How do YouTube recommendations work
Are there any readers who do not visit YouTube at least once a day? Service has already become an integral part of our life. It is hard to imagine that we will use something else to watch videos. YouTube offers a huge content base. In total, the service has 1.9 billion monthly active users. According to statistics, 79% of Internet users have a YouTube account. So how does Google manage to keep such a huge product running? In this article, we will look at how the YouTube suggestion algorithm works, and it's interesting, believe me.
This material will be based on the official publication of Google, which explains how YouTube recommendations algorithms based on neural networks work. Why did I decide to study this issue? The fact is that not so long ago, before going to bed, I decided to turn on the sounds of the waterfall (white noise) in order to fall asleep faster. The next evening at the same time, I noticed that the very first place in the recommendations was the same video. I turned it on again. On the third day at the same time, this video was again in the same first position. And this despite the fact that at any other time, YouTube recommends me completely different videos.
And then I finally realized that YouTube's algorithms work much more complicated than we think. At a minimum, they are able to adapt to your preferences at different times of the day. Then I decided to study how YouTube algorithms work and came across some interesting information that I am ready to share with readers.
YouTube developers faced several challenges when developing the algorithm:
A huge number of videos in various topics, which complicates the optimal selection in recommendations
High service dynamics. Hundreds to thousands of hours of videos are uploaded to YouTube every hour. The recommendation system needs to be flexible and dynamic
Variability of viewers' interests
Optimization of resources for the selection of recommendations, since the work of selection algorithms is a complex process that requires a lot of power
YouTube recommender architecture
Millions of videos are submitted to the system, and at the output it offers the same dozens of videos that get to the user on the screen in the "Recommendations" tab.

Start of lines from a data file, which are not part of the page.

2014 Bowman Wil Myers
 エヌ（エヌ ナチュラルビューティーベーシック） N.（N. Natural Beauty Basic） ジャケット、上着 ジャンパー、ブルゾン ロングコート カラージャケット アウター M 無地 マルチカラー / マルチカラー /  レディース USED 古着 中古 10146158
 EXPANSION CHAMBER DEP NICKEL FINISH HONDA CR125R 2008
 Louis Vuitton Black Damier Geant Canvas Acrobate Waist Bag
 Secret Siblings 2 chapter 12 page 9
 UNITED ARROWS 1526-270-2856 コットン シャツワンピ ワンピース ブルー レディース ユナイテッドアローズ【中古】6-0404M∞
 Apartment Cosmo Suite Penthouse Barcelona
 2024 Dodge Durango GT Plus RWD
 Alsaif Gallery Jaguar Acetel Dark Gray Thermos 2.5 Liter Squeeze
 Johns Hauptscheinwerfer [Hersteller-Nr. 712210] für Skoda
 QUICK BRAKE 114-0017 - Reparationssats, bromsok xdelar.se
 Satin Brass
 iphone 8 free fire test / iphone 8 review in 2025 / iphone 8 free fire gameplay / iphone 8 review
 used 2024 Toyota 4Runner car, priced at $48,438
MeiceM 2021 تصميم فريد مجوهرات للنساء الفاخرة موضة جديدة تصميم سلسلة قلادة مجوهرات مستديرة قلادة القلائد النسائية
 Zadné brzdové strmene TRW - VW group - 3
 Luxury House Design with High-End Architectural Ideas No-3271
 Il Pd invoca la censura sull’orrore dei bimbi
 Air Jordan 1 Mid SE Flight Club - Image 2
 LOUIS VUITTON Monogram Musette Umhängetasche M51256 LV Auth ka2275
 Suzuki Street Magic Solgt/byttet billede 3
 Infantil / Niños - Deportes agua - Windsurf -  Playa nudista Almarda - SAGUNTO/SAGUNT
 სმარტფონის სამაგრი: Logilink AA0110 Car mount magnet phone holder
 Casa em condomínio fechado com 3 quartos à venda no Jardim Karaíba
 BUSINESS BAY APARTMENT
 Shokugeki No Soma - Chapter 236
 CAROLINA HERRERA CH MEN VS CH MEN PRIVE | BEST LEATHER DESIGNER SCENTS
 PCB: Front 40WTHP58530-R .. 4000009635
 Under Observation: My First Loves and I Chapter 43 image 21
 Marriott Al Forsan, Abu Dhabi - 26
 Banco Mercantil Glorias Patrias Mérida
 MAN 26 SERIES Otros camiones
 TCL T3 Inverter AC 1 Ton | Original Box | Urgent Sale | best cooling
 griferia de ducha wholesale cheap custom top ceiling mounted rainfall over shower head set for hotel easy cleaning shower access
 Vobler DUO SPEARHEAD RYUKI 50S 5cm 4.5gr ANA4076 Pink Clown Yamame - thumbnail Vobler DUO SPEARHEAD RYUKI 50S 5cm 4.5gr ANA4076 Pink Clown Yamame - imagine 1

The system consists of two convolutional neural networks: "candidate generation" and "ranking" (ranking). The first network of millions of videos selects hundreds of the most suitable ones, the second neural network ranks the resulting selection from the most to the least interesting to the user. When making a sample, the system takes into account the entire user history and context. Context refers to, for example, time of day, age, gender, geographic location. Also, at the moment of creating a sample, A / B testing takes place, when, for the sake of experiment, the user is shown various samples, if any of the samples turns out to be more visible, the system self-learns and adapts to this sample. Best seo company in Lagos Nigeia s When evaluating the sample, not only the viewing time is taken into account, but also the CTR (click through rate) - the number of users who started watching the video in relation to the number of users who saw the video in the recommendations.Travel agency in Lagos
At the ranking stage, the sample is based on expected watch time, so the longer users watch a video, the higher the chance that it will be in the top recommendations. YouTube isn't just about click-through rate, as videos can be just clickbaits. The goal of the ranking neural network training is to predict the video viewing time. You can also check out this How to activate YouTube Using Youtube com. best skincare routine for dry skin
YouTube recommendations are formed from two neural networks. The first neural network is responsible for the selection of videos on the topic, the second-level neural network among the selected cuts out clickbait and uninteresting videos with low user engagement. That is why videos that watch longer, like and comment more often fall into the very first places in the recommendations, if they correspond to topics that are interesting to the user. Interesting, isn't it? Let's discuss this topic in Telegram. Buy sanitaries online, Lagos sanitary ware dealers, kitchen toilet bathroom jacuzi accessories
The system is really complex and I will not try to explain complex terms and the complete architecture of the stages of forming a selection, simply because I myself do not fully understand how it works, but it is obvious that the selection of recommendations along with the Google search is the most complex algorithm on which the best work the minds of the world.